Table 8. Total comparison of both pre and post test of experimental groups across two proficiency levels.

t-test for equality of means

Mean Std. Error

Differences Differences

95% confidence interval of the Difference

Sig (2-tailed)

Pre-test Equal variances assumed .32895 .08508 .15639 .50151 3.866 36 .000

Post-test Equal variances assumed .31579 .09176 .12970 .50188 3.442 36 .001

Table 8 shows that there is significant difference between both intermediate and advanced experimental groups in pretest and post test results. Also, the amount of mean differences were positive, so it can be said that students at advanced level the participants showed better performance in performing the mentioned speech acts in both pre and posttest. Therefore, it seems that proficiency level and grammatical competence affect pragmatic appropriateness.

5. Discussion and Conclusion

As mentioned earlier, the aim of the present study was to investigate the effect of explicit instruction of several strategies of request speech act on the EFL students' pragmatics competence in terms of appropriateness of performing requestive acts. In so doing, A total of 73 EFL learners in both intermediate and advanced level participated in the study during 25 sessions of instruction. They were asked to answer DCTs as pretest and post test. The DCTs consisted of 4 request situations, and at the end of the term post test (4 requestive situations) were administered.

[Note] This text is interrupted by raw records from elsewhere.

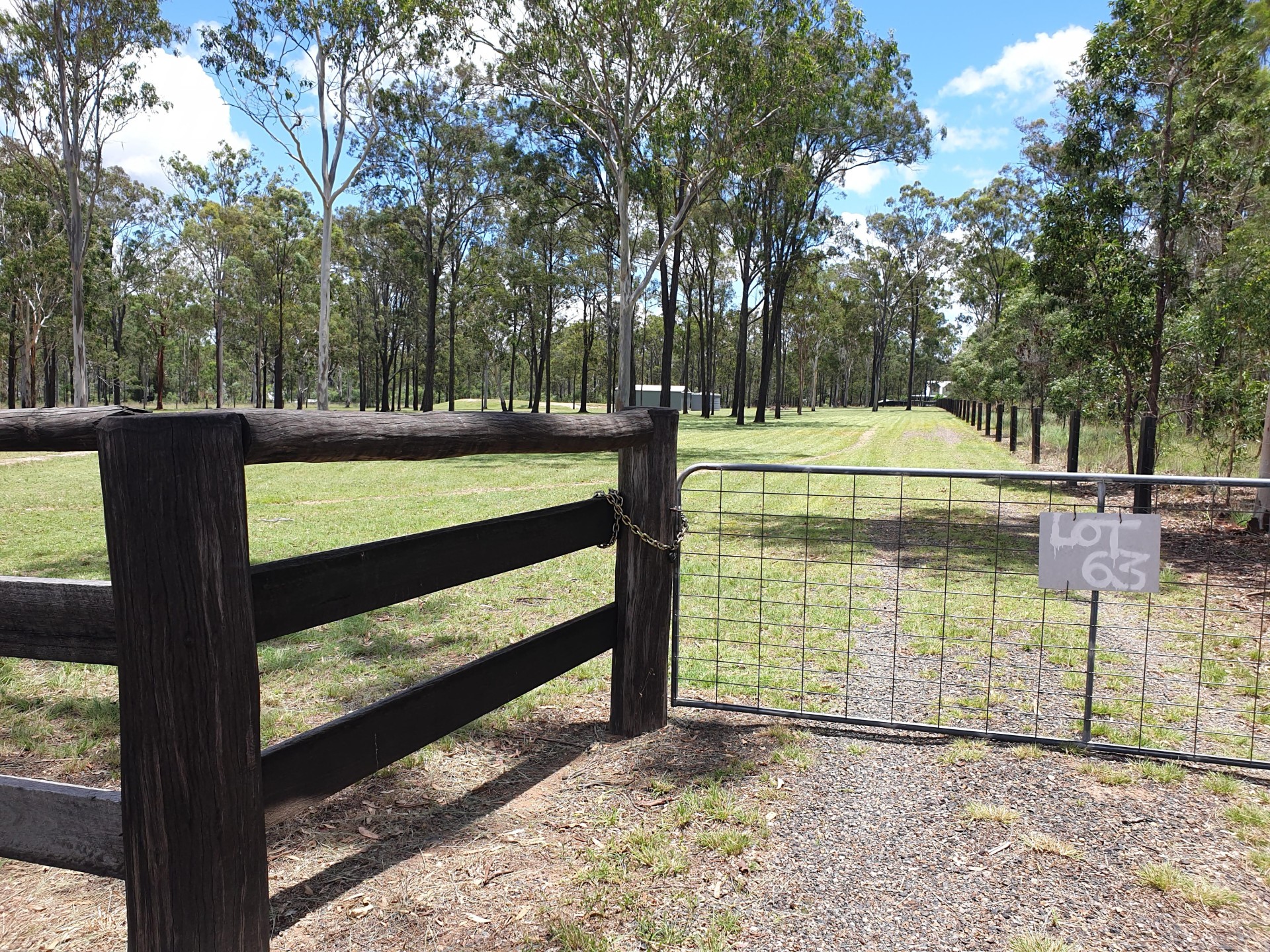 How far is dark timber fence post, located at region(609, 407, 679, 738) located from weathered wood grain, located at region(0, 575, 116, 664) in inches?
96.3

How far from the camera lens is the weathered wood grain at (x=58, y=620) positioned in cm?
195

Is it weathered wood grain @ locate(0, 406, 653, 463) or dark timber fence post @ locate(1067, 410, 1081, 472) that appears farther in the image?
dark timber fence post @ locate(1067, 410, 1081, 472)

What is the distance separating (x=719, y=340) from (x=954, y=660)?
230 feet

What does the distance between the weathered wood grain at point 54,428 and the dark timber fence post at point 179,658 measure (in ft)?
0.42

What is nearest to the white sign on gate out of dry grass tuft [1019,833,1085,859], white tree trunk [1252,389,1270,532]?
dry grass tuft [1019,833,1085,859]

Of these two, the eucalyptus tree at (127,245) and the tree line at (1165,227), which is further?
the eucalyptus tree at (127,245)

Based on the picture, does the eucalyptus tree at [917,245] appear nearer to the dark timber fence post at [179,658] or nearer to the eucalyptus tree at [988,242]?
the eucalyptus tree at [988,242]

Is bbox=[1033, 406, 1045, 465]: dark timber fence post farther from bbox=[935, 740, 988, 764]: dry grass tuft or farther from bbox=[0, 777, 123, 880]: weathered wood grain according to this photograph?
bbox=[0, 777, 123, 880]: weathered wood grain

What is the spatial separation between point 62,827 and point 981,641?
5699 mm

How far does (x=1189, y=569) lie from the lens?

The pretest analysis indicated that both control and experimental groups had the same level of competence. To examine students' performance of request speech act, the differences between pre and post tests were investigated at intermediate level. The results showed that there was a significant difference in the experimental group students' knowledge between pre and post tests while this was not the case with control group. For advanced level, similar to intermediate level, pre and post tests consisted of four request situations were conducted. At first, pre test was assigned to both control and experimental groups. Data analysis showed resemblance between students pragmatic knowledge in both groups. At the end of the term post tests were administered. The investigation of the results of experimental groups at the post test showed meaningful difference between the reported results of pre test, so that students' pragmatic competence improved. Conversely, no significant changes were reported between pre and post test results of control group. So, explicit instruction was facilitative for performing request speech act across both proficiency levels.

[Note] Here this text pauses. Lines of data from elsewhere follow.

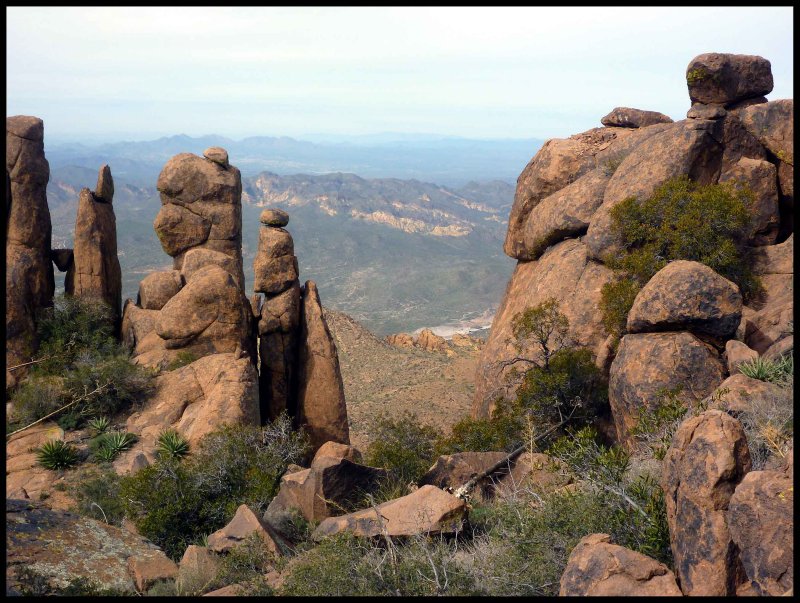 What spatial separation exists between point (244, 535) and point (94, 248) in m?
20.3

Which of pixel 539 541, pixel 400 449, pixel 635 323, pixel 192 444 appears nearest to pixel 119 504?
pixel 192 444

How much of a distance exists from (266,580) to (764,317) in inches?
547

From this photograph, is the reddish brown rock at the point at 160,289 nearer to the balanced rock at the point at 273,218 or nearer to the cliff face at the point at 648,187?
the balanced rock at the point at 273,218

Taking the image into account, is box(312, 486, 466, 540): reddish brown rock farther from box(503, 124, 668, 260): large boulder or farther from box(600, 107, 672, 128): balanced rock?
box(600, 107, 672, 128): balanced rock

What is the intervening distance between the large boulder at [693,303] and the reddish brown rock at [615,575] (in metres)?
9.11

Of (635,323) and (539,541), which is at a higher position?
(635,323)

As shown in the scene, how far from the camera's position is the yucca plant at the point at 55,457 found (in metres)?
19.2

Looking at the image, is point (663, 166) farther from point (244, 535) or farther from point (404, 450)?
point (244, 535)

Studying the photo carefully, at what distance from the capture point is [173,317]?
23.1m

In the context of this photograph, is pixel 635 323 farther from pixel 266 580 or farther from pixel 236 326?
pixel 236 326

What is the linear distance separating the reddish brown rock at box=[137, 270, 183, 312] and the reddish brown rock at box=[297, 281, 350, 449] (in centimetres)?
598

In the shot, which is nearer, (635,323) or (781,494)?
(781,494)

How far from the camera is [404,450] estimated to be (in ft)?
59.6

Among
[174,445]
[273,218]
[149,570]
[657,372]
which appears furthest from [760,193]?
[149,570] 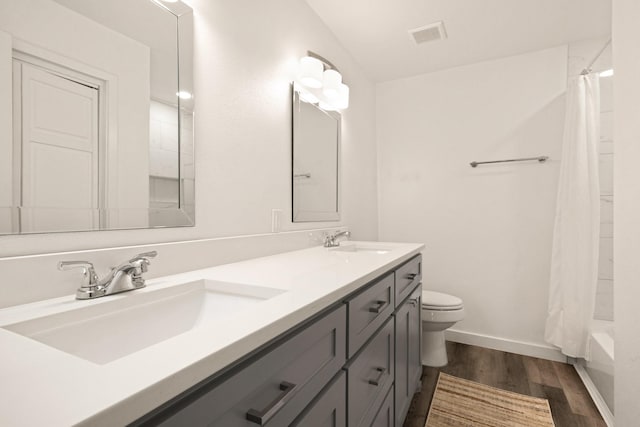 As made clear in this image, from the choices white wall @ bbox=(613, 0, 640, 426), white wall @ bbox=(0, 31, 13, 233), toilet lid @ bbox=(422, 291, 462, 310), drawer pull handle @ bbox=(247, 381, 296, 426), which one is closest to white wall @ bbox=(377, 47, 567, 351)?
toilet lid @ bbox=(422, 291, 462, 310)

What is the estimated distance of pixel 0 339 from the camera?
0.51m

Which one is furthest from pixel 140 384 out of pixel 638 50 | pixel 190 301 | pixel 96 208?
pixel 638 50

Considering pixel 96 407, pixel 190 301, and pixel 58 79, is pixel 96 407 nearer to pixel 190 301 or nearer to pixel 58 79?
pixel 190 301

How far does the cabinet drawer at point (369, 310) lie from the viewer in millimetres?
961

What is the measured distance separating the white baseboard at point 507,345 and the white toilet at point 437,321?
0.45 m

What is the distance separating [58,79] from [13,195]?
0.31 metres

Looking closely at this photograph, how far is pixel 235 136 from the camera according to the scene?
140 cm

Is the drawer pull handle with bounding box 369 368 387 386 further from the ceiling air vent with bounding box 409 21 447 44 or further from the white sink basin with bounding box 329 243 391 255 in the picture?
the ceiling air vent with bounding box 409 21 447 44

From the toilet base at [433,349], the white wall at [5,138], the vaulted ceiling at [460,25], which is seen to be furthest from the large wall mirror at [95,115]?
the toilet base at [433,349]

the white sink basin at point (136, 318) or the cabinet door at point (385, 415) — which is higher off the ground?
the white sink basin at point (136, 318)

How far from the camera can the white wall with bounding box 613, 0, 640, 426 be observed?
1.20 metres

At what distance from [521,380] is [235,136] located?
230cm

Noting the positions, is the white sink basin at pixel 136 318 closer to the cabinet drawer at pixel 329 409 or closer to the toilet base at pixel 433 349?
the cabinet drawer at pixel 329 409

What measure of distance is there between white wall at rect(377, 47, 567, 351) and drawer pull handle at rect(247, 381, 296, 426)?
2.42 meters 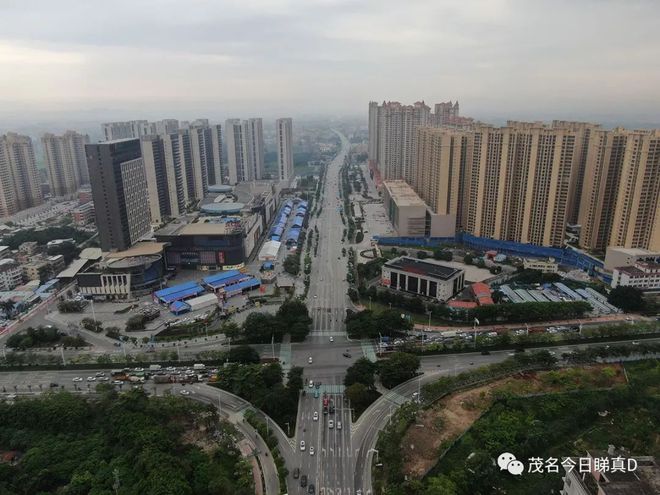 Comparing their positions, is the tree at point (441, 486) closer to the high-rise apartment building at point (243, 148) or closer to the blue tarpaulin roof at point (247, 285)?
the blue tarpaulin roof at point (247, 285)

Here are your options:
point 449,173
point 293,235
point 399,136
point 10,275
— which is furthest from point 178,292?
→ point 399,136

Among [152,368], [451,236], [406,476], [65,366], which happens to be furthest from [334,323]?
[451,236]

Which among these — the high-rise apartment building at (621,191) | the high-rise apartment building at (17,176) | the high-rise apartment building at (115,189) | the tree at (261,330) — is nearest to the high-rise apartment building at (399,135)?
the high-rise apartment building at (621,191)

The findings suggest the necessity of incorporating consciousness-raising activities in the classroom, and this research indicates that explicit instruction of pragmatic knowledge is more beneficial to the realization of request. The results of this study are in harmony with the finding of Jalilifar, Hashemian, and Tabatabaee (2011) who found that there is a positive correlation between the use of indirect type of requesting and the EFL learner' proficiency levels. Additionally, the results of this study, regarding the relationship between instruction and pragmatic development across two proficiency levels, revealed pragmatic is teachable and it should be taught hand in hand with grammatical knowledge. As Bardovi-Harlig (1996) stated that teaching pragmatic could be successful, due to the fact that quite simply observation of language learners revealed that there was a demonstrated need for it. This could signal a requirement for raising the awareness of Iranian EFL teachers to become more aware of social and cultural norms of the target language while they are teaching, and students should be taught how to perform different speech acts appropriately in different social situations with different social values.

Analyzing Iranian EFL students' pragmatic competence can lead the teachers to be aware of learners need to become knowledgeable in both rules of grammar and sociocultural factors underlying the target language, in order to be pragmatically competent. This can provide valuable resources for teachers, text book writers and curriculum designers. Teachers should bear in mind that L2 learners need more knowledge not only about grammar but also about sociolinguistic rules of the L2 speech community to be able to put their knowledge of language in to practice, and so become competent in the target language.